I recently read a passage that resonated deeply:

  1. Over time, I’ve noticed: people with systems thinking go farther than those stuck in goal thinking.
  2. “Lose 20 pounds” is goal thinking. “Build sustainable eating habits + consistent sleep + movement routines” is systems thinking. Goal-driven people often live in a loop of near-success and collapse.
  3. Systems thinkers wrestle with frustration at every inflection point—but that struggle builds emotional resilience and positive reinforcement.
  4. Directing finite energy wisely is non-negotiable. What you actually need isn’t a goal—you need a system that raises your odds of success.
  5. That means constantly learning, revising, and—when needed—destroying your own assumptions. The ability to dismantle your beliefs is among the rarest, most valuable skills.
  6. You must force yourself to confront opposing views. Only then does your system accumulate luck—and avoid stupidity.

Between goal thinking and systems thinking lies single-point thinking: identifying one lever (“cut carbs,” “hire a salesperson,” “launch on TikTok”) and pushing it hard. It’s fast, focused, and resource-efficient—great for quick wins.

But it’s fragile. Pull one thread, and the whole effort unravels.

Take weight loss again: “Lose 20 pounds” is the goal. “Starve for 8 weeks” is the single-point tactic. It can work—but rebound is likely, because nothing else changed.

Systems thinking asks: What supports lasting change? Nutrition literacy, meal rhythm, stress management, sleep hygiene, joyful movement—all interlocking. When the system holds, the result sticks—and feels sustainable.

So why don’t more people adopt systems thinking? Because it demands patience, deeper observation, and tolerance for delayed rewards. It’s less flashy—but far more durable.

And beyond systems thinking lies ecosystem thinking: recognizing that your system itself lives inside larger systems—your team inside your company, your company inside its industry, its industry inside national policy and global supply chains. Humility grows here. So does strategic clarity.

The progression looks like this:


Stock Thinking vs. Flow Thinking

(“Stock” = cúnliàng, fixed existing assets; “Flow” = zēngliàng, newly created value)

Business partnerships, resource pooling, and “strong-strong alliances” are all forms of leverage. Good leverage delivers 1 + 1 > 2. Without that, it’s not synergy—it’s overhead.

Example: I excel at traffic acquisition. You close deals. They build products. Together, we outperform any solo effort. That’s real leverage.

Another: Company A values itself at ¥50M. Company B does too.
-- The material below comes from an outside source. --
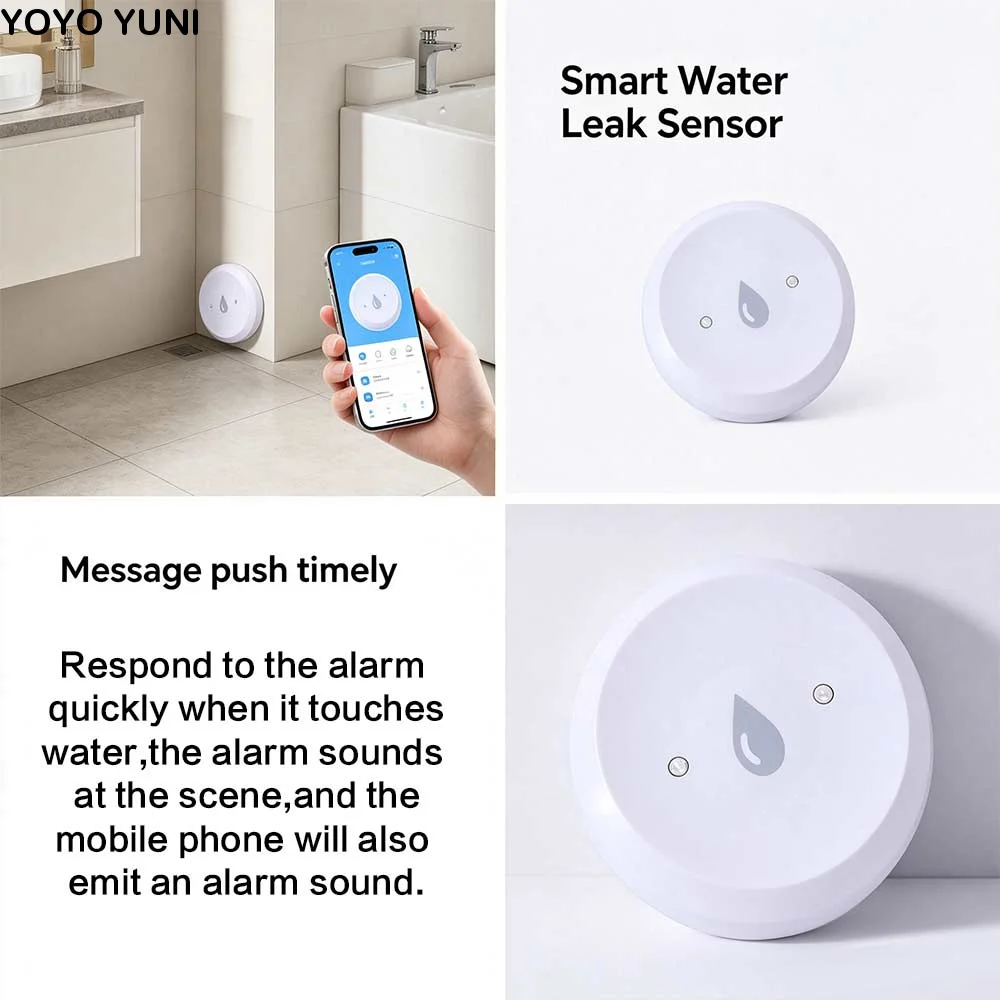 Alarm Function ZigBee Water Sensor Smart Life Control APP Remote Monitoring Leak Detector Support Home Assistant ZigBee 3.0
If their merger unlocks new markets, tech integration, or cost synergies—and lifts combined valuation above ¥100M—that’s effective leverage.

If 1 + 1 ≤ 2, the partnership is inefficient—or worse, extractive.

The key to unlocking true leverage? Balancing stock thinking and flow thinking.

  • Stock thinking asks: What can I take from your existing resources? (e.g., “Let’s share your customer list.”)
  • Flow thinking asks: What new value emerges when our strengths combine? (e.g., “If your sales team co-trains with our product team, we’ll shorten sales cycles and improve feature adoption—creating revenue we couldn’t generate separately.”)

In practice, flow-focused partnerships are easier to negotiate. Why? Because they’re additive—not zero-sum.

I’ve watched skilled business leads pivot fast when their offering doesn’t create flow value: they dig deeper, reframe the use case, or co-design a pilot that generates new outcomes.

We say “win-win” all the time—but if both sides only eye each other’s stock, someone will lose. Focus on flow instead, and new ground opens up: shared metrics, joint experiments, unexpected adjacencies.

That’s where real collaboration begins.